*** Begin section ***

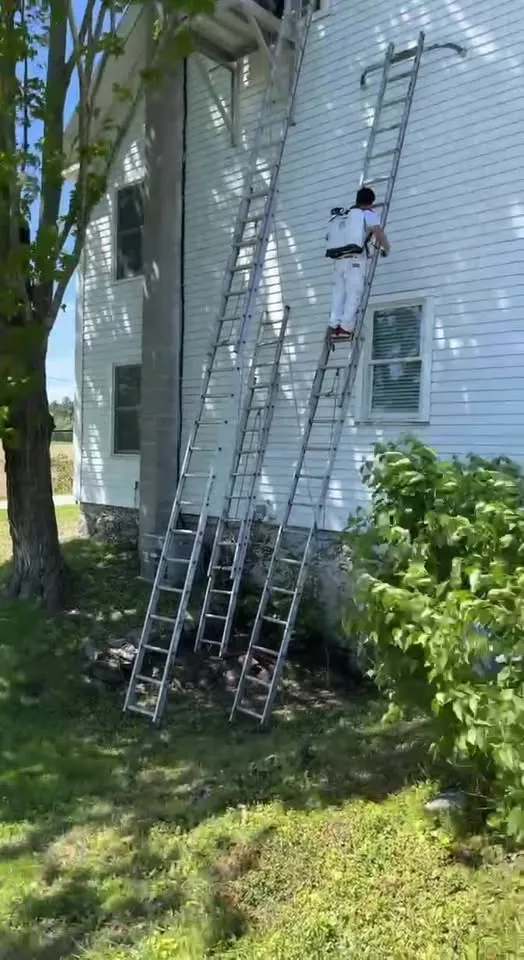 Facebook video poster: crew prepping siding on ladders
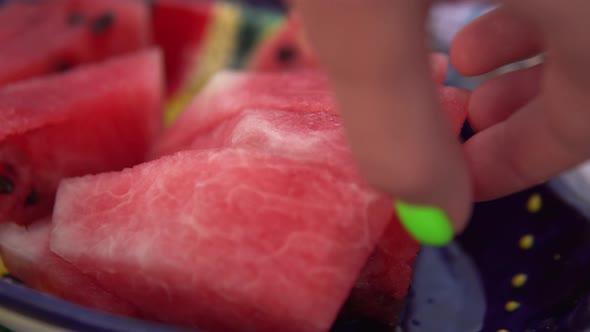 Watermelon Slices on Plate Hands Taking Fruits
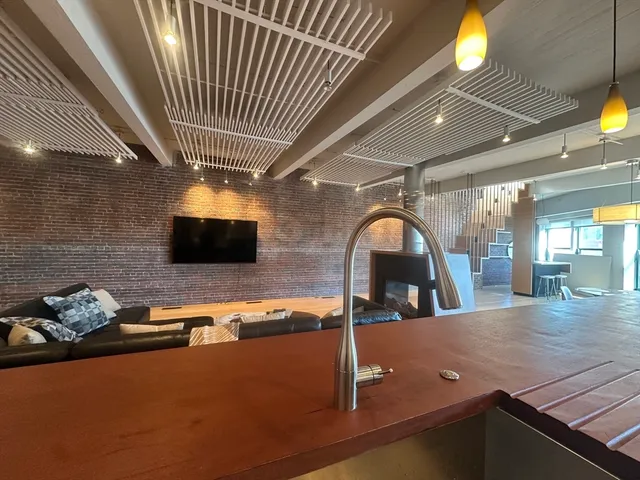 a view of a living room and dining room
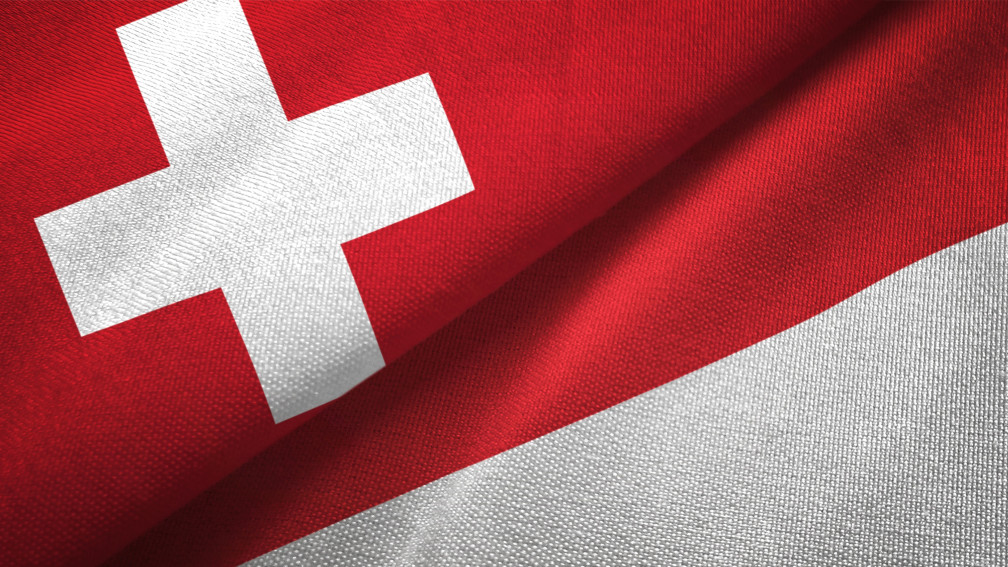 Überlappende Flaggen der Schweiz und von Indonesien
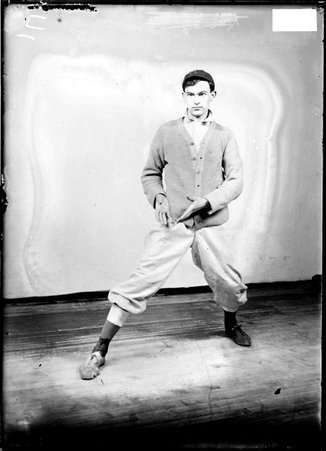George Young & Co. indoor baseball player A. Seiffert, holding his hands in front of his right side standing in front of a backdrop - Chicago Daily News, Inc.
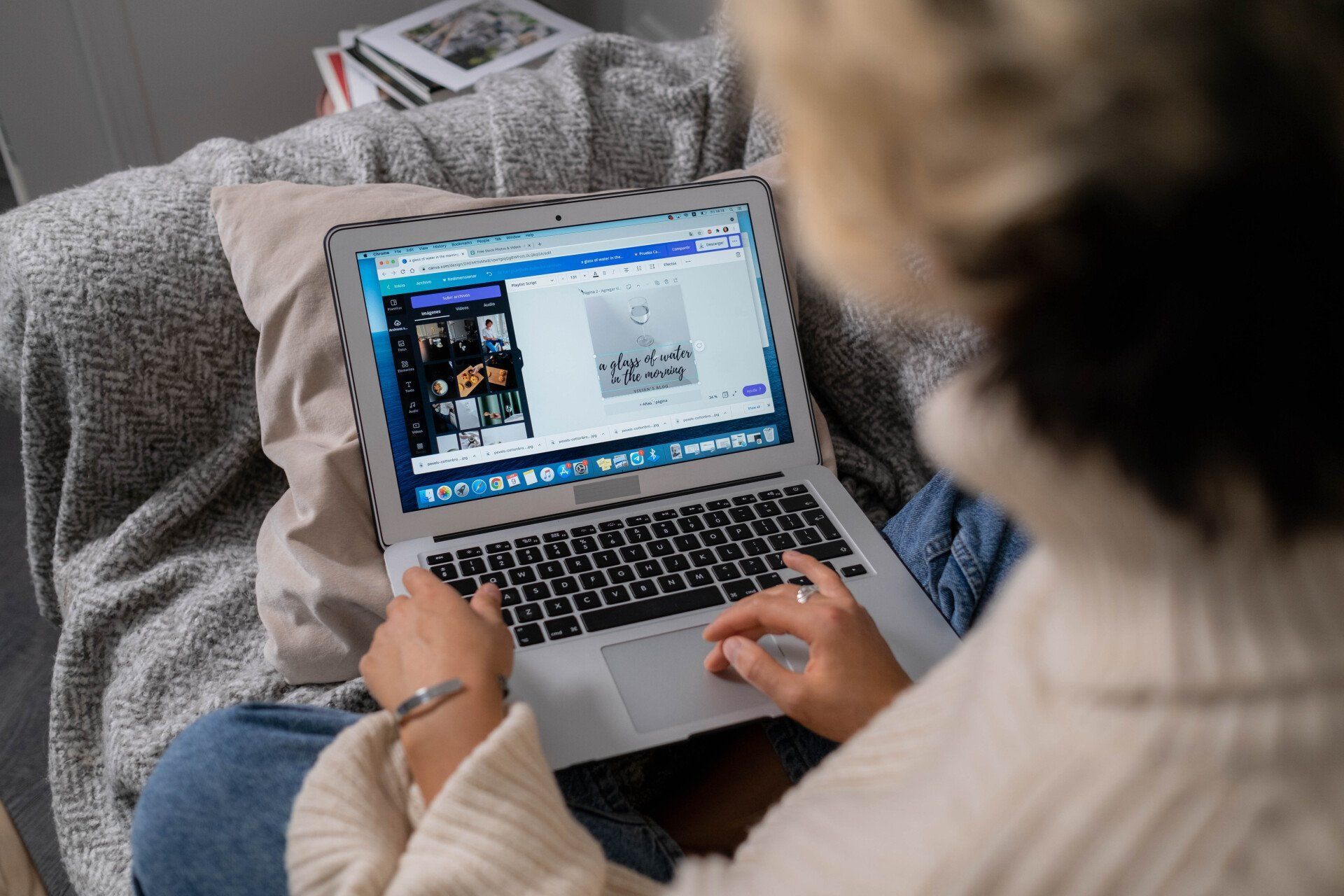 A Virtual Assistant is sitting on a couch using a laptop computer.
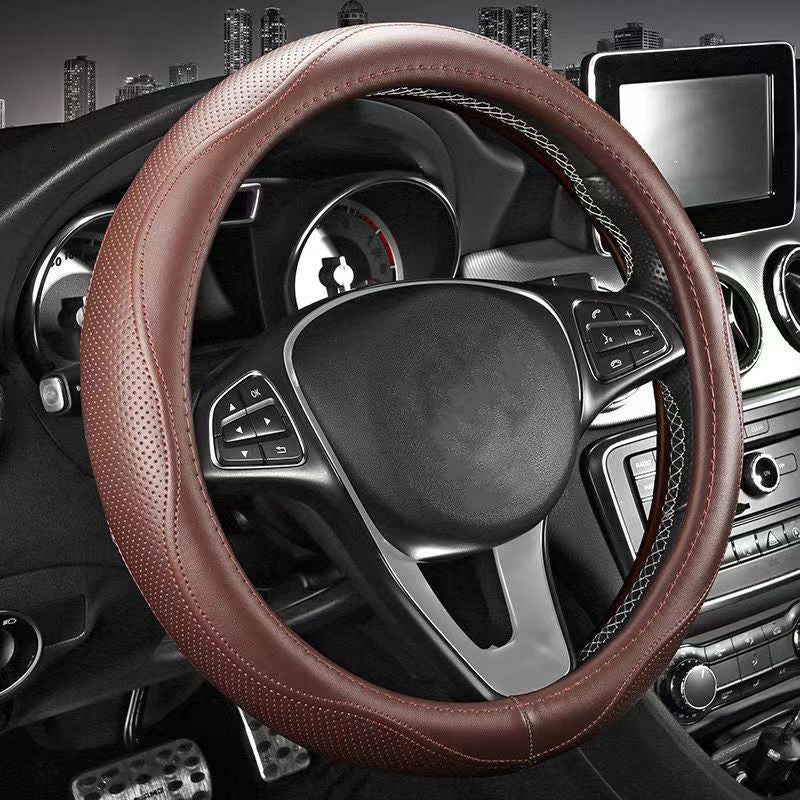 The entire steering wheel cover is made of cowhide, ensuring premium quality. - Image 2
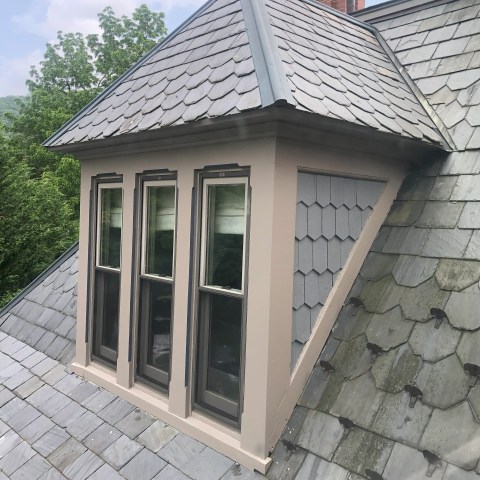 Gabled roof with four vertical windows and slate shingles, red brick chimney in background.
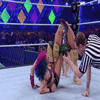 Asuka applying a submission hold to an opponent in a wrestling ring while a referee watches closely.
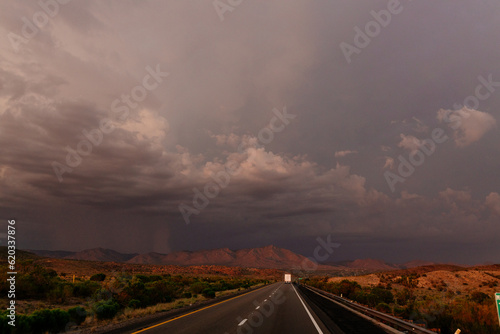 A beautiful asphalt road among hills with dry grass. A scenic landscape with highway, mountains on background and blue sky with fluffy clouds on sunny day. Phoenix, AZ, USA - 7-22-2021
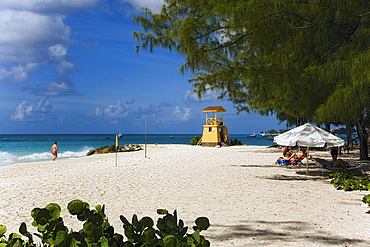 People sunbathing at Miami Beach, Oistins, Barbados, Caribbean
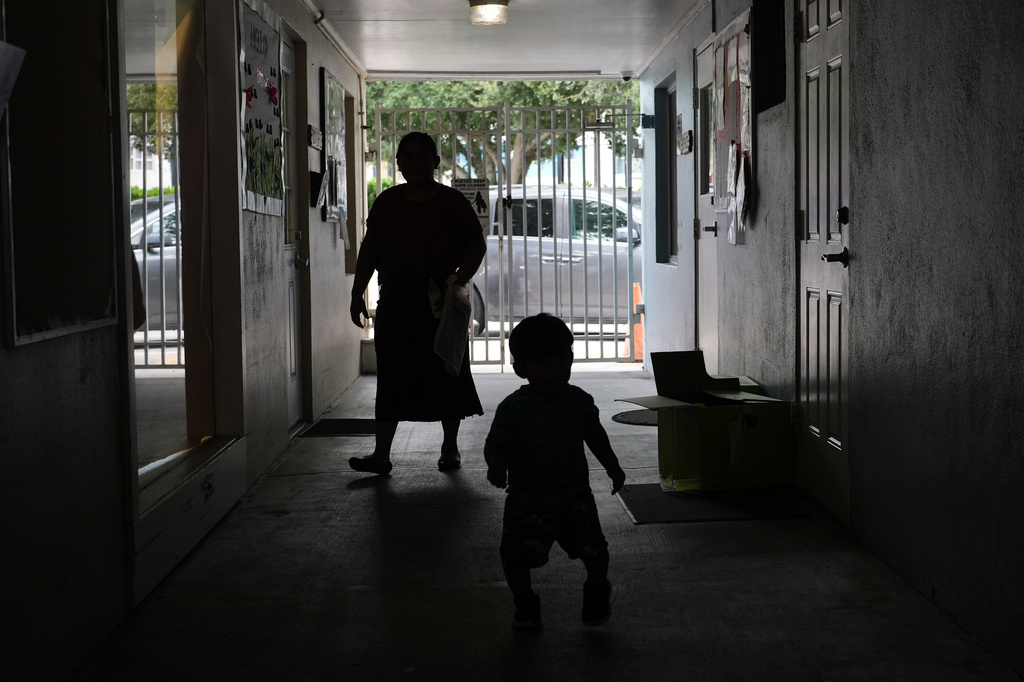 A parent walks with her child at a Head Start preschool in Immokalee, Fla., Thursday, Sept. 10, 2026. (AP Photo/Rebecca Blackwell)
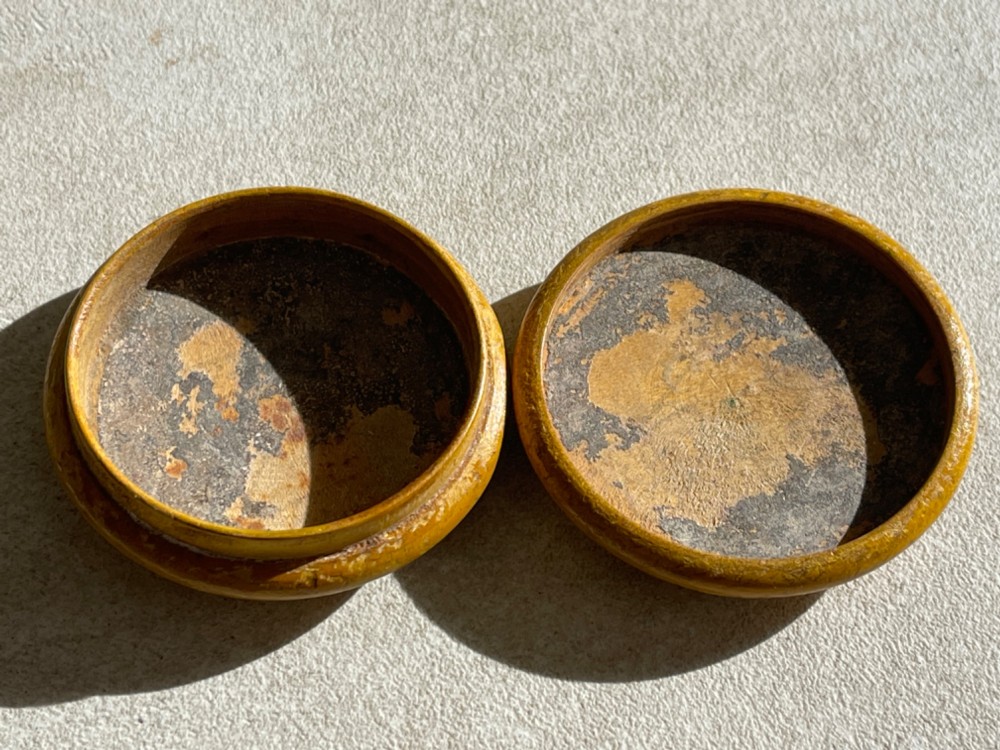 A circular yellow wooden antique Scottish snuff box with a printed love poem on the top lid. View IV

*** End section ***

Pictures are to be left out, and each line from the one that contains "A parent walks" through the end of the listing is to be copied exactly.

Output for this task =
 A parent walks with her child at a Head Start preschool in Immokalee, Fla., Thursday, Sept. 10, 2026. (AP Photo/Rebecca Blackwell)
 A circular yellow wooden antique Scottish snuff box with a printed love poem on the top lid. View IV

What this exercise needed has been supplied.